Interested in more discussions like this? Go to the Depression & Anxiety Support Group.
Connect

@joseph70
Just please go away. One size does not fit all. You’re nothing more than a bully and I’d really appreciate you not contact or comment on my posts in the future. I don’t need or desire your judgement or negativity in my life. You know absolutely nothing about me. Focus on your own life instead of making other people miserable.

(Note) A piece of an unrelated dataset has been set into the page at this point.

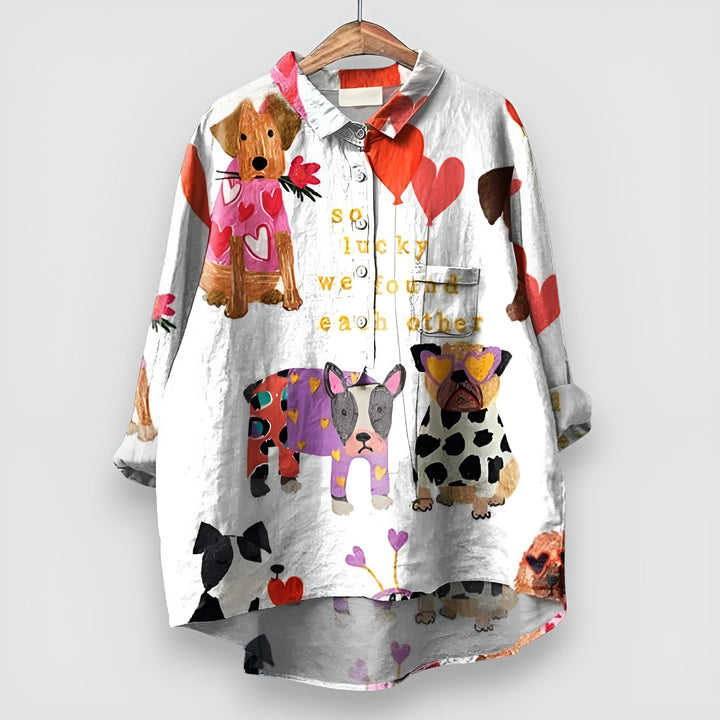 Emma - Printed Art Shirt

@mike8 Sorry, Mike: I just "found" your email as I was deleting the couple of hundred mails that had piled up while I was out of the country and not using this email address. As far as self-awareness goes, I've met so many wonderful people during my surf travel adventures around the globe over half a century; And I'm an avid reader, so I stashed away more info than I was ever able to use, although now that I'm an older person, and finally a grownup, it's all coming together. I've been doing lots of trauma work, and that's helped me to get to the root of my old and now unnecessary survival habits. I have a couple of great workbooks I'm currently using: Transforming the Living Legacy of Trauma by Janina Fisher, whose mentors were Bessel Van der Kolk and Gabor Maté, am doing Dialectal Behavior Therapy, also with workbooks. I chose that method over Cognitive Behavior because I'm a socialist, and that's the nuts and bolts of Marxism; simplified, it's a compromise between to opposite feelings which create a rebirth/natality in another direction. The work is easy, but you have to be persistent. Hannah Arendt's works have greatly influenced my life, especially her book, The Human Condition. Now that I have a neurological disorder, I've had time to reflect and grow. Along with being a surfer for sixty years, I'd been studying Chinese martial arts which encompasses the five milenia history and culture of an amazing and ever-expanding civilization. In my daily practice of Tai Chi, I'm deeply rooted in Eastern thought--entirely different from the individualism of Western society, which is one of the many reasons the U.S. collapse was inevitable. Plato said that democracy could never be realized because democratic leaders would always be the best actors and showmen, not great thinkers or statesmen. Proof positive, our prez, and worse, Vance--placed there by Palantir and millions of dollars. Also, we're focused on instant gratification rather than building for future generations, while the Chinese are taught from early on to be cooperative. I was amazed when I was fortunate to have visited. Their infrastructure is light years ahead of ours--thousands of miles of high-speed light rail, cheap, economical electric vehicles, amazing engineering works, an education system that builds generations of people working together for the greater good. Sorry, got off track.
It's also helpful to journal, to put your feelings down on paper: prose, notes, artwork, dreams, what your day was like, the people you met; and I finish each day's entries with gratitude. It's easy to forget what a gift we have being on this planet; And we're only here for a brief moment. As I began to slow down, I gained clarity.
Benzos: When I last visited Brazil, a doctor friend of mine wrote out a prescription for Klonopin and gave me some boxes of samples. When I eventually ran out, I was able to find an online "supplier" called MEDvidi. I pay $159/mo to see a doc writes me 'scrips for
0.25 mg alprazolam which I take only as necessary. They're fast-acting and helpful for my
occasional panic attacks. I'm tempted to take a pill whenever I interpret my tremors as anxiety, but don't, although I feel safe knowing I have one on hand. I'm currently trying water micro-dosing to taper down. Stopping abruptly was nothing short of torture. I was taking 2 mg/day plus 10 mg of Ambien. On top of nausea and vomiting, I ended up having a tia (mini stroke)--lost a bit of feeling down the left side of my body, but it's not a big deal.
So, Mike, please be gentle with yourself as you work on your issues. There's another self inside you that needs love and attention. I hope you connect with that beautiful person and get to share him with the world. Thank you for reaching out to me.